June 2020 p32 q7
2329
The variables x and y satisfy the differential equation
\(\frac{dy}{dx} = \frac{y-1}{(x+1)(x+3)}\).
It is given that \(y = 2\) when \(x = 0\).
Solve the differential equation, obtaining an expression for \(y\) in terms of \(x\).
Solution
Separate variables:
\(\frac{dy}{y-1} = \frac{dx}{(x+1)(x+3)}\)
Integrate both sides:
\(\int \frac{dy}{y-1} = \int \frac{dx}{(x+1)(x+3)}\)
\(\ln|y-1| = \int \left( \frac{A}{x+1} + \frac{B}{x+3} \right) dx\)
Find \(A\) and \(B\) such that:
\(\frac{1}{(x+1)(x+3)} = \frac{A}{x+1} + \frac{B}{x+3}\)

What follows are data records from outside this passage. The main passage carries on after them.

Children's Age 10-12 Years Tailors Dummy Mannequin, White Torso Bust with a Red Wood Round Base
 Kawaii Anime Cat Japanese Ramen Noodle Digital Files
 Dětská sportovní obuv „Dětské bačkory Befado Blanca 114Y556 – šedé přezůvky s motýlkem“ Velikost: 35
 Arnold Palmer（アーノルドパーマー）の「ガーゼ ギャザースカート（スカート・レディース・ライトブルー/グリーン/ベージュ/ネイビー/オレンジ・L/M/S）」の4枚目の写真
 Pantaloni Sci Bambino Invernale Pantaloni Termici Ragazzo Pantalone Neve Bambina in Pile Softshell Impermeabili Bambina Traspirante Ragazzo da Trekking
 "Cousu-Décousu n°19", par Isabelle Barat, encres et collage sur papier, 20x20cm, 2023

Solving gives \(A = \frac{1}{2}\) and \(B = -\frac{1}{2}\).
Integrate:
\(\ln|y-1| = \frac{1}{2} \ln|x+1| - \frac{1}{2} \ln|x+3| + C\)
\(\ln|y-1| = \frac{1}{2} \ln\left(\frac{x+1}{x+3}\right) + C\)
Exponentiate both sides:
\(|y-1| = e^C \sqrt{\frac{x+1}{x+3}}\)
Use initial condition \(y = 2\) when \(x = 0\):
\(1 = e^C \sqrt{\frac{1}{3}}\)
\(e^C = \sqrt{3}\)
Thus, \(y - 1 = \sqrt{3} \sqrt{\frac{x+1}{x+3}}\)
\(y = 1 + \sqrt{\frac{3x+3}{x+3}}\)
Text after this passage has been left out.